As I have written before, Nokia has again entered the conversation at large, but more importantly, they have become relevant in the US smart phone market. I have expressed my belief that they contain some fundamental strengths, like brand, quality design, and marketing smarts, to at least compete in the US.
For Nokia, this years CES bore two important and timely US events. The first was that their US presence was solidified when the US sales of their Lumia 710 officially became available at T-Mobile this week. The second was the announcement at this years CES of the Lumia 900 which will come to market on AT&T.
Both products are well designed and the Windows Phone experience is impressive. That being said, Nokia’s and Microsoft’s challenge is primarily convincing consumers that Windows Phone is an OS worth investing in.
I use that terminology because that is exactly what an OS platform is asking consumers to do. Not only invest but allow this most personal device to become a part of their life.
Currently, only a small fraction of consumers are convinced that they should buy into Windows Phone 7 and it will take quite a bit more convincing for most. Nokia and Windows Phone face stiff competition with the army of Android devices and the industry leader in Apple. If anything, Nokia and Windows Phone have a small window of opportunity to rise above what is the Android sea of sameness – but it is only a small window. This is because many more of Android’s core and loyal (on the surface) partners will continue to invest resources in Windows Phone over the next few years. If Microsoft and Nokia are successful the result should be that the market will contain not only a sea of Android devices but of Windows Phone devices as well.
This is why the battle will again turn to differentiation across the board on both the Android and Windows Phone platform. I have previously dared the industry to differentiate and this will need to be the focus going forward.

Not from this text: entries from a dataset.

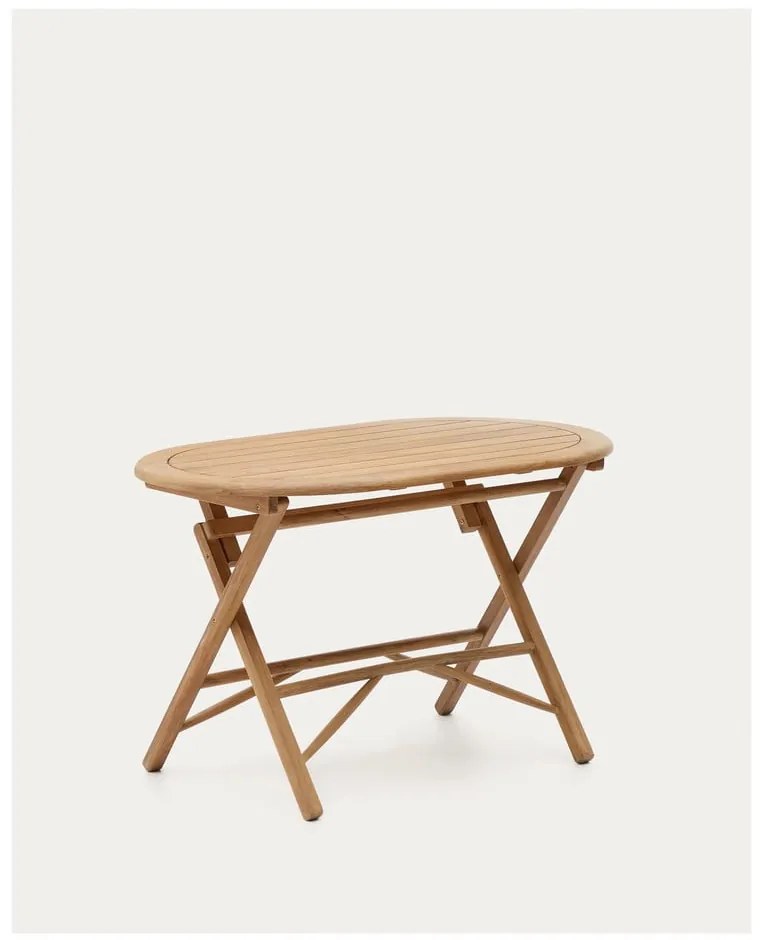 Akácfa kerti étkezőasztal 70x120 cm Dandara – Kave Home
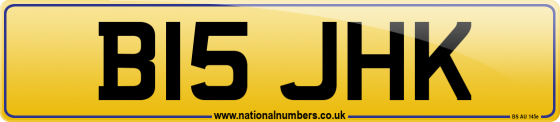 B15 JHK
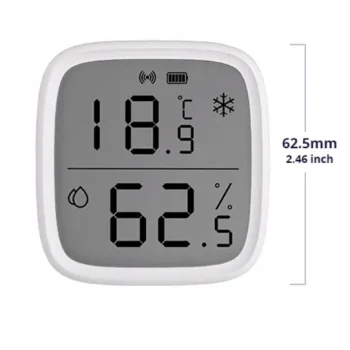 Sonoff Precyzyjny Czujnik temperatury i wilgotności LCD ZigBee eWeLink HA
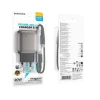Мережевий зарядний пристрій BOROFONE BAS54A Absolute PD20W+QC3.0 charger set (C to C) (EU) Black (7073)- № 2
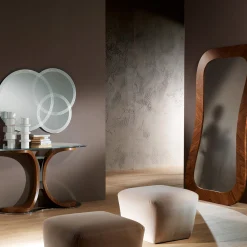 Carpanelli Consoles<Mistral Console in Canaletto Walnut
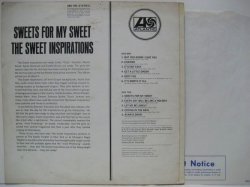 画像2: SWEET INSPIRATIONS / Sweets For My Sweet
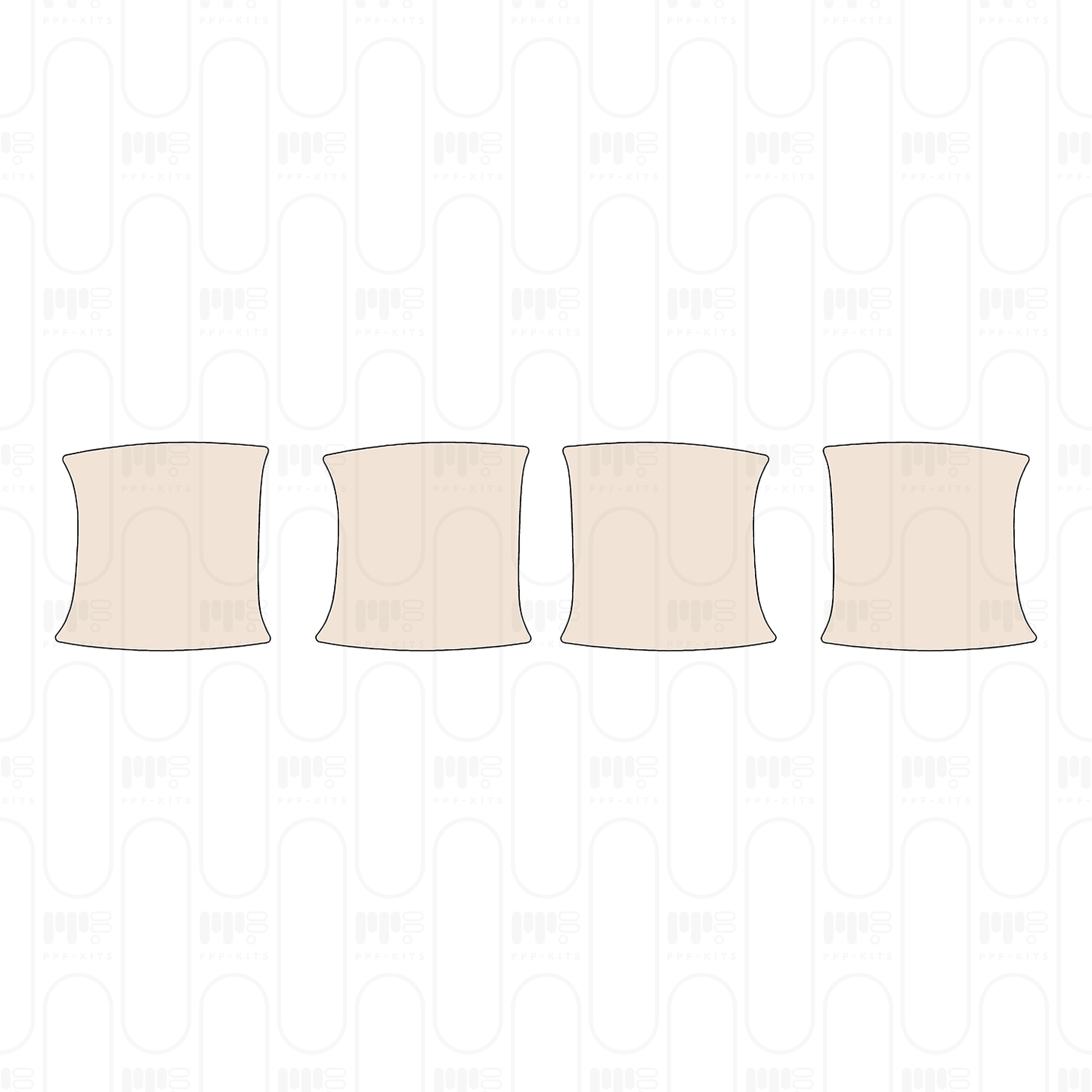 Door Handle Inserts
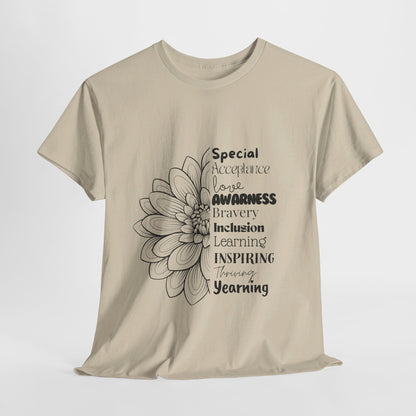 SalAbility Acceptance Adult Tee: Embrace Every Individual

As I look at where we are right now, it appears that Nokia is faced with an unfortunate dilemma. Nokia now bears the difficult task of not only spending money to develop their brand in the US but to also help Microsoft convince consumers Windows Phone is the right platform for them.
Microsoft is unfortunately not building or investing in the Windows Phone consumer marketing as aggressively as they should on their own. So rather then be able to simply focus on their brand, Nokia must also invest in marketing Windows Phone. This will inevitably help Nokia but also their competitors in the long term.
All of this, however, presents Microsoft with what is the chance of a lifetime and it all relates to Windows 8. The importance of Windows 8 to Microsoft seems to be wildly shrugged off by many. But I believe that if Microsoft does not succeed in creating consumer demand with Windows 8, they will begin to loose OS market share even faster than they are right now.
Windows Phone’s success in 2012 can pave the way for Windows 8. If Microsoft can, at the very least, create some level of interest and ultimately generate demand for Windows Phone, it will almost certainly do the same for Windows 8. This is because once you have gotten used to the user experience of Windows Phone, it creates a seamless transition to the Windows 8 experience.
If Microsoft can generate some level of success for Windows Phone in 2012, it will build a needed level of momentum for Windows 8. Primarily because the Windows Phone and Windows 8 Metro UI are very similar. All of these steps are necessary for Microsoft to not only create demand for their OS platforms but to also create demand for their ecosystem. I have emphasized the importance of the ecosystem in past columns and Microsoft must leverage their assets to create loyal consumers.
So what is my conclusion for 2012? Simply put, and to use a sports analogy, it is a rebuilding year for Microsoft and Nokia. Both companies need to view 2012 as a “laying-a-foundation-for-the-future” year. I do expect Windows Phone and Nokia to grow in market share in the US but I am not sure if we can count on double digit growth. If both companies play their cards right in 2012, then 2013 will present them with the growth opportunities they both desire.